*Problem requirements*.
Pictures must be left out. Print the lines from the beginning of the material through the line holding "Ciao ragazzi, I'm", exactly and nothing else.

*Data*.
—————
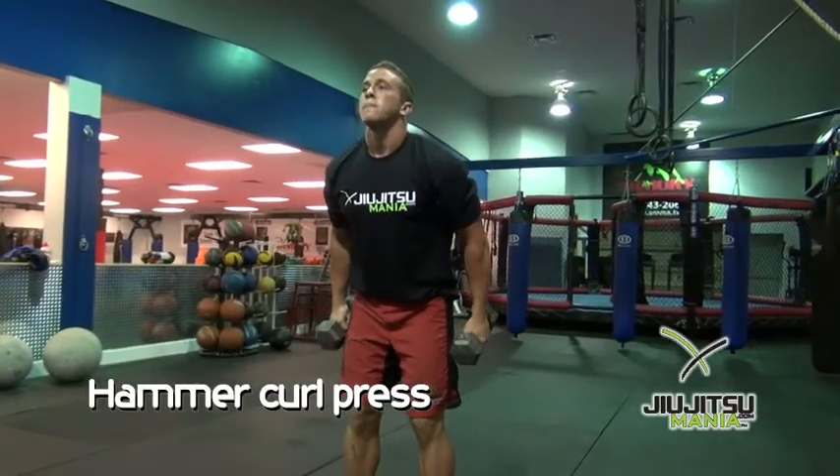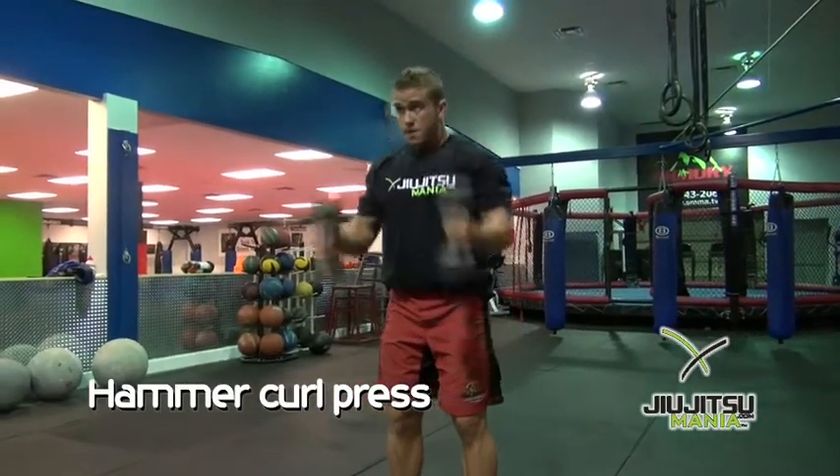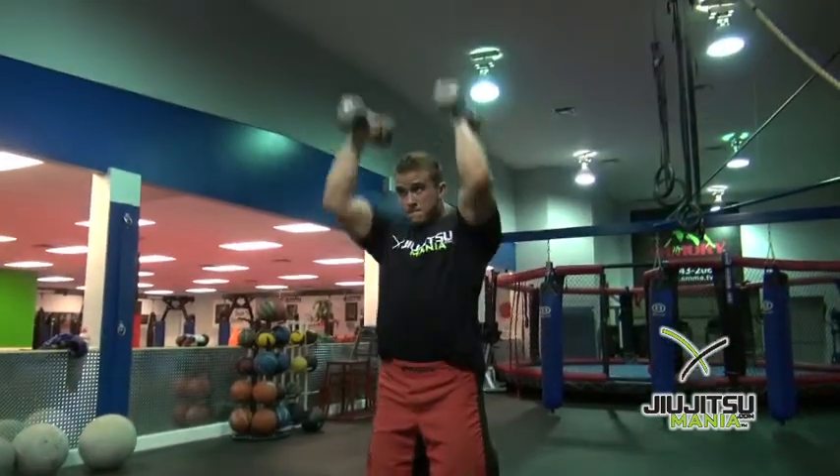This is a hammer curl press movement — I really like these. Watch: he hammer curls it up and he presses. Hammer curls it up and presses.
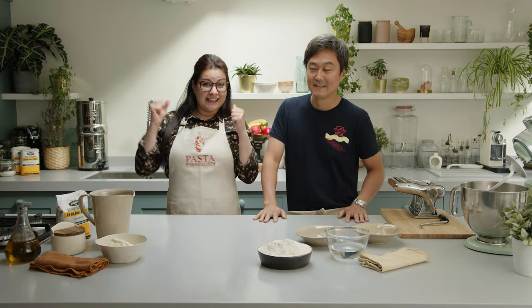Ciao ragazzi, I'm Roberta, Pasta Evangelist, and today I've got a special friend. Ken from Tonkotsu, hello Ken. Hello, thanks for having me. Today we've got a challenge — we are going to make a pici pasta against ramen noodles. Let's see who's going to win the challenge today. Are you ready? Yes. Let's go for it.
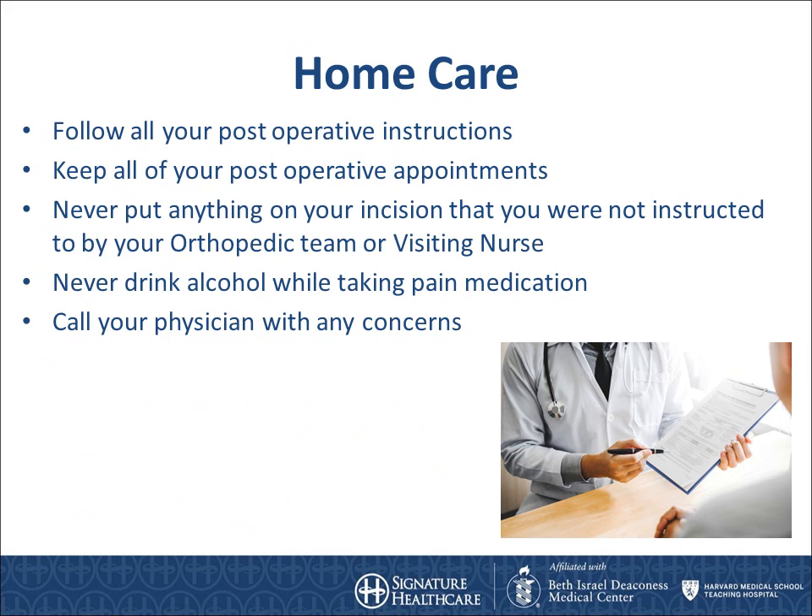Follow all of your post-operative instructions. Please keep all of your post-operative appointments — we want to make sure that you are meeting your goals in a timely manner. Never put anything on your incision that you were not instructed to do so by your orthopedic team or visiting nurse. Never drink alcohol while taking pain medication. This can impair your judgment and cause you to lose your balance and fall, necessitating further surgery. If you have any concerns about this, please call your provider to discuss.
—————
*Task output*.
This is a hammer curl press movement — I really like these. Watch: he hammer curls it up and he presses. Hammer curls it up and presses.
Ciao ragazzi, I'm Roberta, Pasta Evangelist, and today I've got a special friend. Ken from Tonkotsu, hello Ken. Hello, thanks for having me. Today we've got a challenge — we are going to make a pici pasta against ramen noodles. Let's see who's going to win the challenge today. Are you ready? Yes. Let's go for it.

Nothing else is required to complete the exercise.